◆ **Your objective**:
From the material below, reproduce exactly the stretch of lines that begins with the line holding "Imran Abbas Shares" and ends with the line holding "- 8 Campeche - Uxmal", skipping the pictures.

◆ **Material supplied**:
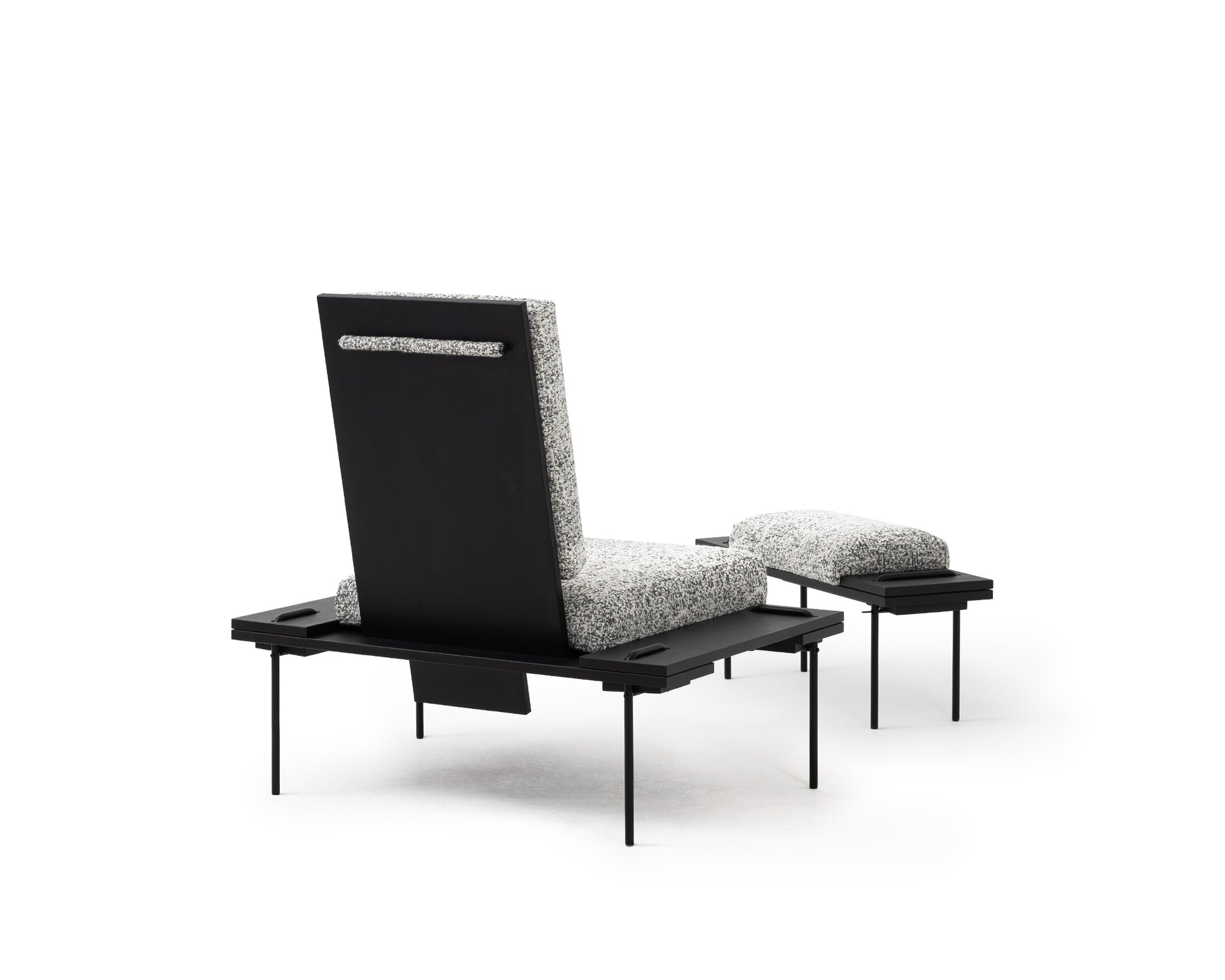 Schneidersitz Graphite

* * *

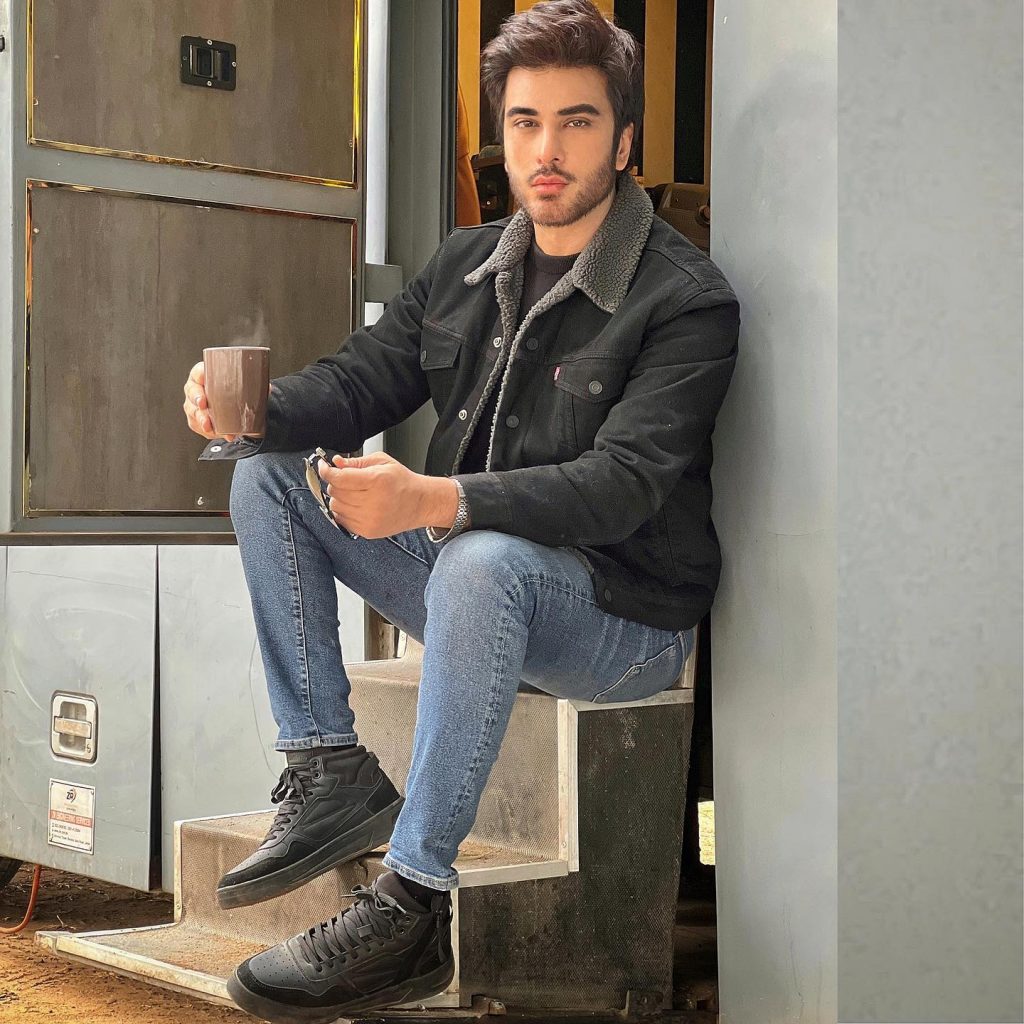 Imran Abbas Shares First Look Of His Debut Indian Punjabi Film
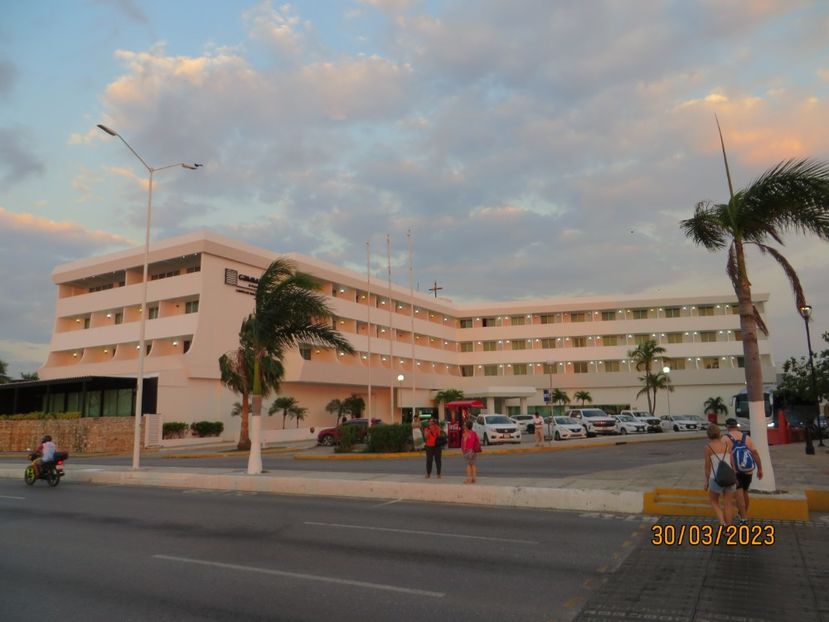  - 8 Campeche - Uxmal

◆ **Output for this task**:
 Imran Abbas Shares First Look Of His Debut Indian Punjabi Film
  - 8 Campeche - Uxmal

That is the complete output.